Confidence in Public Speaking
If you ever want to be
a "confident public speaker", then it is absolutely crucial that you
know what confidence really is before you resume your quest for
confidence.
Lots of people tell me that they would like to be "a
more confident speaker", or that they would like to be able to "speak
with more confidence".
The usage of these terms seems to imply
that confidence is something you get more of. It implies that currently
you have a certain amount of it in public speaking and you can go and
get more, as if you can just grab a chunk of it and insert it into your
public speaking barrel of skills.
I've found that thinking about
confidence in this way ends up making it more difficult to become more
confident! If you think that it as something you can "attain", you will
probably never attain it.
I used to think that confidence in
public speaking was something that I could accumulate. I would
"practice" confidence, like it was some sort of skill.When I would think
of it in this old way I would try to "accumulate" it by trying to act
or appear confident to my audience, and thought that as I spent more
time appearing confident, true confidence would become natural.
What Does Confidence Look Like?
You've
seen what a confident public speaker looks like - shoulders back, chest
out, neck tall, eye contact strong and unwavering, voice commanding and
inspiring, body language smooth and free, positive emotions emanating
from within, proud stride... and many more that you are already thinking
of.
These are behaviours and are the external manifestations of
the internal state of confidence. Do you think that if you speak in
front of an audience that usually makes you feel uncomfortable, and try
to perform the behaviours of confidence you will feel "confident"? You
will not. And what is worse is - you will not even be able to act in
this way in the first place. Your body will simply refuse to carry out
the behaviours associated with confidence because you are not truly in a
state of confidence.
Confidence is an INTERNAL state. The
behaviours that we associate in public speaking with confidence are
external manifestations of confidence. The body AUTOMATICALLY acts in a
confident way when the internal state is confidence.
The way to
achieve a state of confidence is not to attain an ability to display the
external manifestations of confidence - this strategy is a dead end. If
you want to project confidence to your audience, you must access the
internal state of confidence. Now the game has changed! How do you
access the internal state of confidence on the stage? I will tell you!
First, I want to tell you what confidence "is".
What Is the Internal State Called "Confidence"?
My
favourite teacher, Eben Pagan, has suggested a way of looking at
confidence, which you may find to be helpful.
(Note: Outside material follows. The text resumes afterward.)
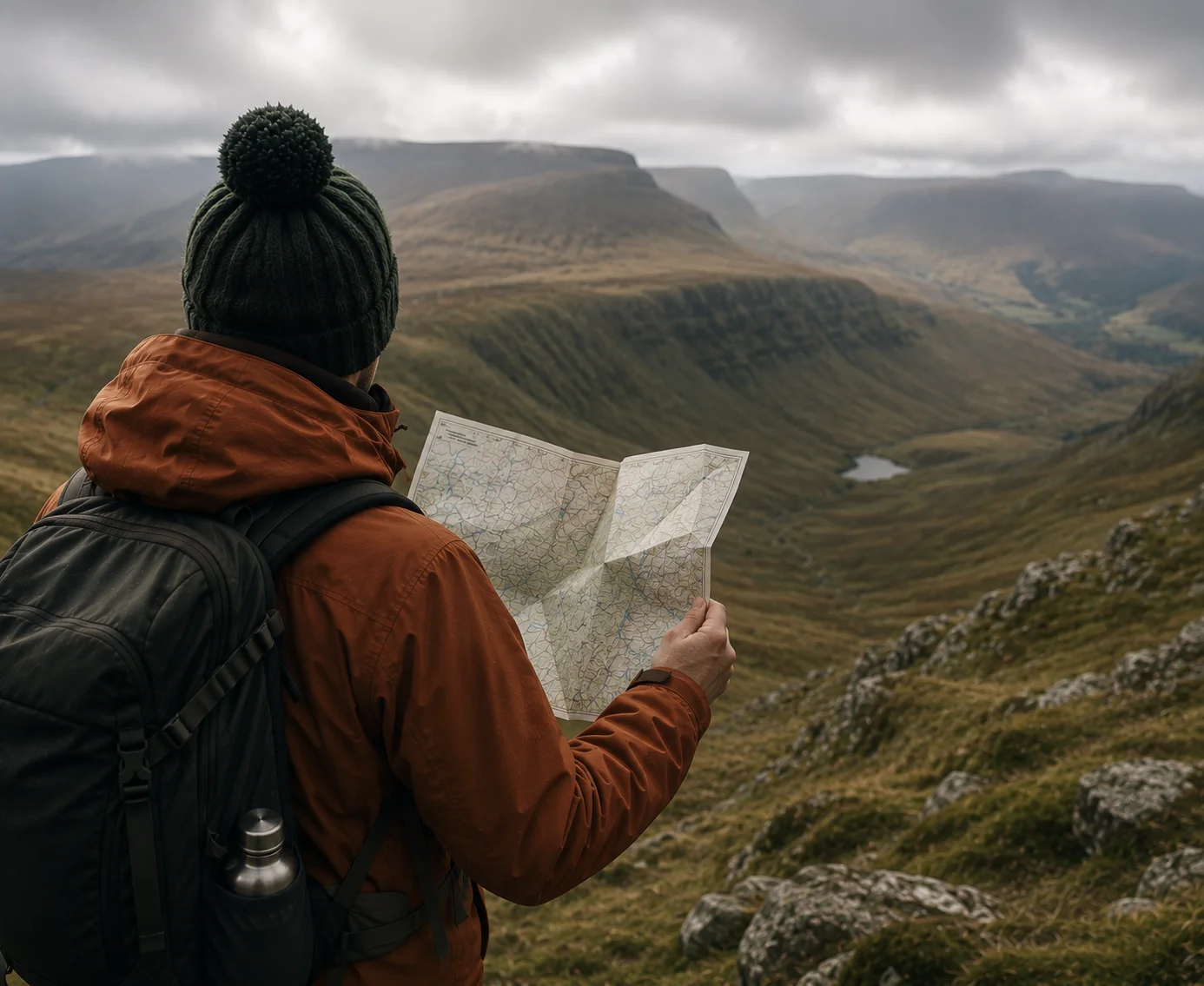 A walker in a woollen hat reading a paper map above a wide green valley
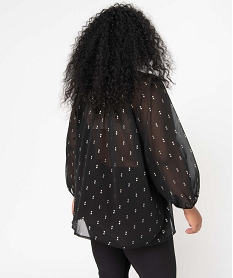 blouse femme grande taille en voile imprime brillant et smocks noirP277301_3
Here is the thing - there
is no such thing as confidence!
Do you know the what a "privative"
is? A privative is an absence of something. Like "cold" - this is a
state involving a relative absence of heat. Or dark - a state involving a
relative absence of light.
Scientists once tried to make a "cold
magnifier". You know how you can use a magnifying glass to focus the
suns energy at a single point? Well the scientists tried to make the
equivalent for cold, using ice cubes. But you can not "aim" cold at
something, because cold is just an absence of heat.
The only way
to make something cold is to take heat out of it. If confidence is like
this, then the only way to make yourself confident is to take something
out of you. What could this be?
Eben Pagan suggested that the
state of confidence is an absence of insecurities, fear, limiting
beliefs, self-doubt etc. Think of the last time you were public speaking
and felt extremely confidence - I will wager that you felt no fear, no
insecurities, no limiting beliefs and no self-doubt. Correct?
How to Experience Confidence When Speaking More Often
Becoming
a "confident" speaker is therefore a process of eliminating these
negative anti-confidence factors. When you eliminate your insecurities,
your fears, your limiting beliefs and your self-doubt, 100%, you will be
"confident" all the time. I do not know of anyone who is confident all
the time, but rest assured that as you begin to eliminate your
anti-confidence mechanisms, you will experience confidence while
speaking more and more.
Definitively I can say that as you
eliminate/remove the blocks like insecurities etc, you will experience
the state of confidence on the stage more frequently.
How much
more simplistic does this make the problem of becoming a confident
public speaker? From this new perspective, you have quantifiable tasks
to complete. If you become aware of a specific insecurity, then you know
how to become more confident - eliminate the insecurity. This article
is not about eliminating insecurities etc - find these on my site linked
to in the resource box.
I advise that you take this notion of
confidence not just into your public speaking efforts, but into all
areas of your life, because it will provide you with specific actions
that you can take to become more confident in any area.